01/12/15 – Jurisdiction Ontario
Part 53 published on 01/02/16
Condominium corporation completed reasonable repairs to address smoke migration

In an interim decision of the Court, the Court had held that the condominium corporation had not initially responded to complaints about smoke migration with sufficient dispatch; but had ultimately taken reasonable steps towards fulfilling its repair and maintenance obligations.  [See MacKay v. Metropolitan Toronto Condominium Corporation No. 985, Condo Cases Across Canada, Part 47, September 2014.] 

The dispute between the parties continued, however, because the parties (and their experts) did not agree on the required work to fully address the smoke migration problems.
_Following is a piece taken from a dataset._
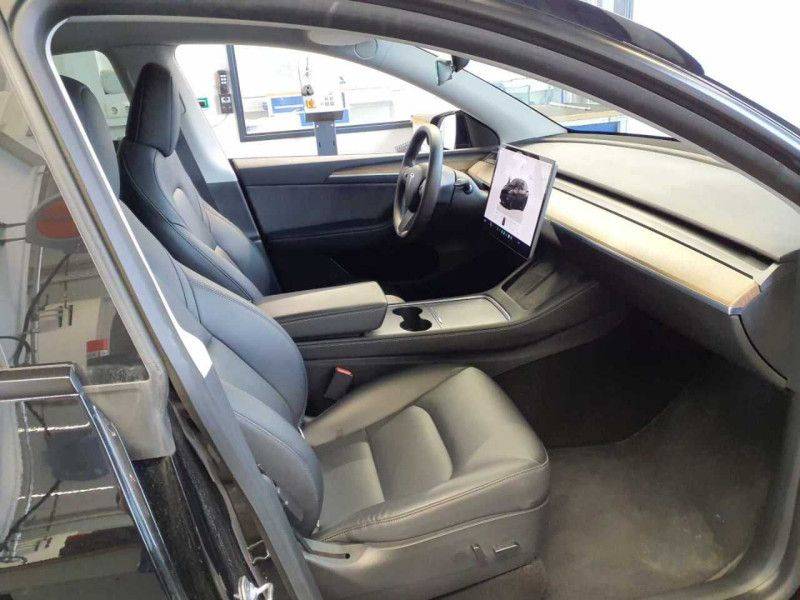 Tesla Model Y Long Range,AWD,DPH,Matrix,12.2022. - 13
The Court was therefore asked to decide further applications between the parties, the key issue being whether or not the condominium corporation had ultimately completed all necessary repairs to address the smoke migration.  The owners also asked that the condominium corporation provide an engineering report certifying that smoke would not migrate into the owners’ unit.

The Court held that the condominium corporation had completed reasonable repairs, and therefore was not required to perform further work.  The Court said:

The Owners now seek what amounts to a guarantee that there will be no reoccurrence.  The solution offered by (the owners’ expert) is more likely to provide that.  But, in my view, it goes further than can reasonably be required.  Not only would it result in wholly disproportionate remedial work being required (if one measures the expense and disruption, on the one hand, against the likely outcomes) but it would go well beyond what is reasonable and required having regard to the age and construction of the building.

To adopt the labels used by MTCC, the standard is one of reasonableness, not perfection, and on that basis, MTCC is not, in my view, in breach of its duties to repair and maintain pursuant to sections 89 and 90 of the Condominium Act, and I therefore decline to make the declarations sought by the Owners in that regard.  In particular, I do not accept that I should order MTCC to deliver an engineer’s report as described in paragraph 1(e) of the Owners’ amended notice of application.

The Court declined to offer any order or direction as to what needed to be said (if anything) in any status certificate issued for the owners’ unit, preferring to leave that question in the hands of the condominium Board.

Finally, the Court ordered that each party bear their own costs.